Many corporate defined benefit plans did very well last year, thanks to rising interest rates that reduced plan liabilities. The funded status for the largest plans increased to 111.2% through November 2022 from 98% at the end of 2021.

MFS Investment Management’s “2023Retirement Outlook,” an annual assessment of how defined benefit and defined contribution (DC) plans are doing and what the year ahead might have in store for them, highlighted this silver lining in an otherwise tumultuous period for investments. The study also looked at the expanded benefits under the Secure Act 2.0 and the strong interest plan participants have in ESG.

The study noted some small hiccups with target-date funds, however, and misunderstanding about what happens to assets after participants retire, specifically the role of defined contribution plans when it’s time to unwind assets.

“Advice is really going to be critical here to help participants sort through what are the right products that make sense for them in retirement. Maybe it’s a target-date fund with an annuity, maybe it’s a managed account, maybe it’s something else depending on their circumstances,” said Jonathan Barry, a managing director and head of client solutions at MFS in Boston. “And we do caution plan sponsors and others about trying to find that one magic product that’s going to do the trick. We don’t think it exists.”

MFS’s data was gathered from more than 1,000 U.S. employees actively contributing to a DC plan. Its takeaway was that far too few DC plan participants who choose a target-date fund as their plan option actually understand how these vehicles work.

The target-date funds have been very successful in attracting assets, as they are now the dominant vehicle in the DC space, the outlook said. More than 60% of new assets now go to these funds, which hold 31% of total DC assets.

And most participants do understand that target-date funds get more conservative the closer the participant gets to retirement (something acknowledged by 78% of those in the survey) and that the funds offer real diversification with one investment (something acknowledged by 82% of those surveyed). However, more than 75% of the participants thought these funds provide a guaranteed stream of income in retirement; 68% believe they provide a guaranteed rate of return, and 63% think they invest in cash or low-risk assets once participants enter retirement.

“Target-date funds [are] pretty much the standard way of accessing 401(k) benefits, but we’ve never really told participants how they really, really work,” Barry said. “The focus for the last 10 years has really been on accumulation. We haven’t forced participants to think about decumulation, so when you start to ask the question, ‘How well do you understand this thing we’ve never explained to you?’ you’re going to get these answers.”

The Whole Picture
The financial industry has to get a lot better at explaining the whole picture of how investments work, he said. At the same time, because a gap is emerging between accumulation and decumulation, some target-date funds are starting to address post-retirement with annuities or guaranteed lifetime withdrawal benefits, the report showed.

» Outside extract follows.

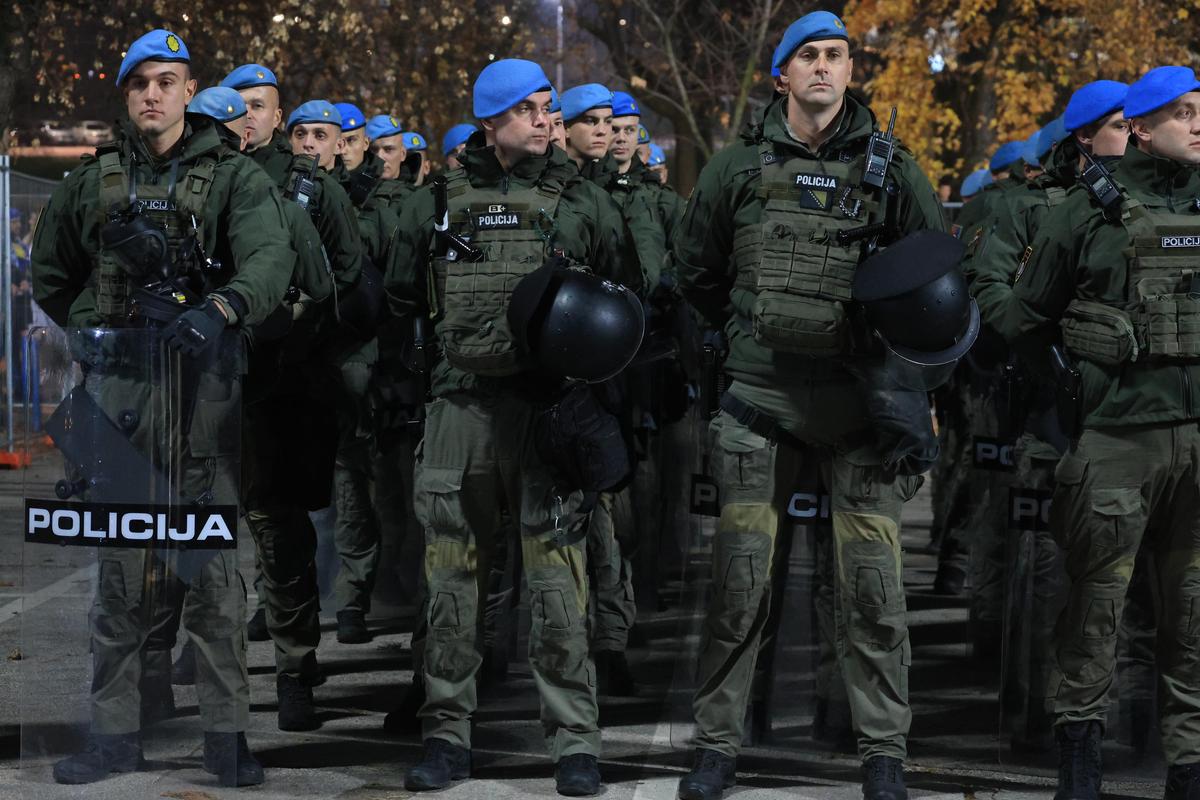 Armata și poliția, la stadion pentru Bosnia - România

In addition, target-date funds that morph into managed accounts, called dynamic qualified default investment alternatives (QDIAs), are also starting to emerge.

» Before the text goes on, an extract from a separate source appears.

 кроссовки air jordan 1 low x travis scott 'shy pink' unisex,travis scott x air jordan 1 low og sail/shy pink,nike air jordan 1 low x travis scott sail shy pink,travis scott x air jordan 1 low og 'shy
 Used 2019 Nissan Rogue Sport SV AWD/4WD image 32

“We’re in the very, very early days of these next-generation features,” Barry said. “They’re out there, but right now there’s a low uptake across the industry.”

That’s good news for financial advisors, the report assured, as “even with guaranteed income features, [target-date funds] may not be a single-source retirement solution for the majority. The data also suggest that advisors will be a key piece of the puzzle in figuring out the role target-date funds will play in retirement.”

For example, only 14% of baby boomers (those age 55 to 73) and 19% of Gen Xers (those age 39 to 54) say they expect to keep all their assets in a target-date fund.

There’s been an increasing trend in which plan sponsors retain the assets of retirees, which potentially keeps them out of the control of a retiree’s financial advisor. However, the people who do this are still in the minority, as only 15% of contributors to a DC plan said they planned to leave their assets with their employer’s plan upon retirement.

If a defined contribution program is going to be a “destination plan” instead of just an accumulation plan, its sponsors need a desirable investment lineup, tools and services, and a plan design that lets participants access their money. It’s this last factor that keeps adoption low, Barry said.

“A lot of 401(k) plans have distribution provisions that are antiquated. ‘Take your money, here’s your lump sum.’ It’s very simplistic,” he said. “Those would have to evolve.”

And that evolution has a long way to go.

“On the accumulation side, participants are homogeneous. They all need to accumulate assets in the same way,” Barry said. “But when they are getting close to retirement, everyone is very, very different.”